Task details: Each line from the one with "Bosch 70-Piece Gluey" through the last line below must be written out exactly. Do not copy pictures.

Material provided:

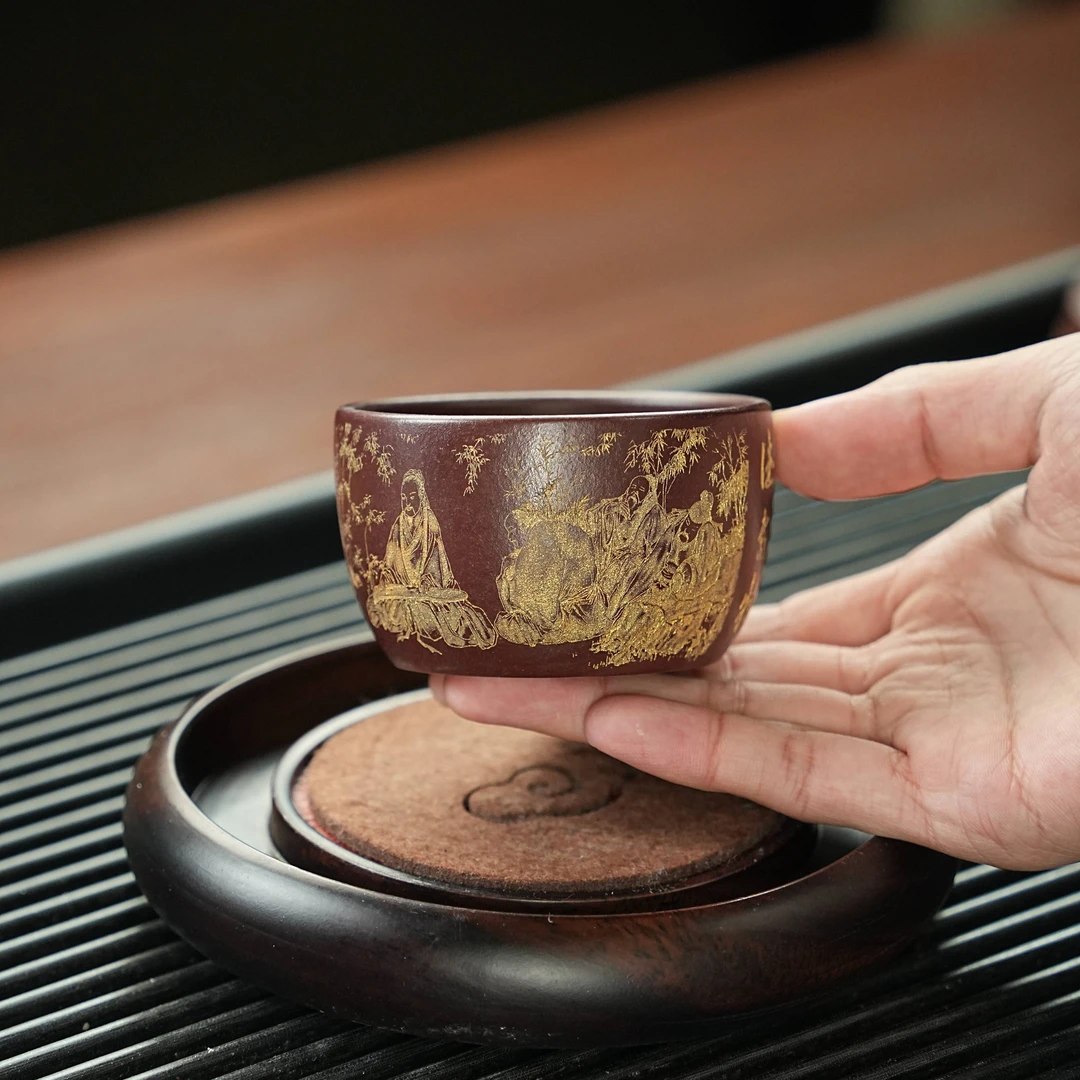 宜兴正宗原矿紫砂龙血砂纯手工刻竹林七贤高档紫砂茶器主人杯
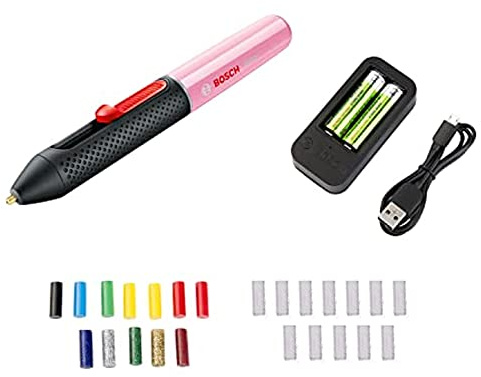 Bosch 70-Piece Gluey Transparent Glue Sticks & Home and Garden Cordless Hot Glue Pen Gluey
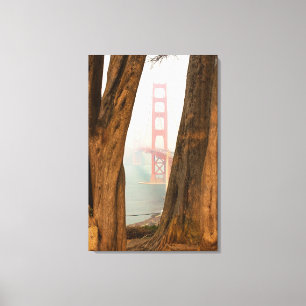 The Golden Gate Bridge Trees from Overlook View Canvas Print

Result:
 Bosch 70-Piece Gluey Transparent Glue Sticks & Home and Garden Cordless Hot Glue Pen Gluey
 The Golden Gate Bridge Trees from Overlook View Canvas Print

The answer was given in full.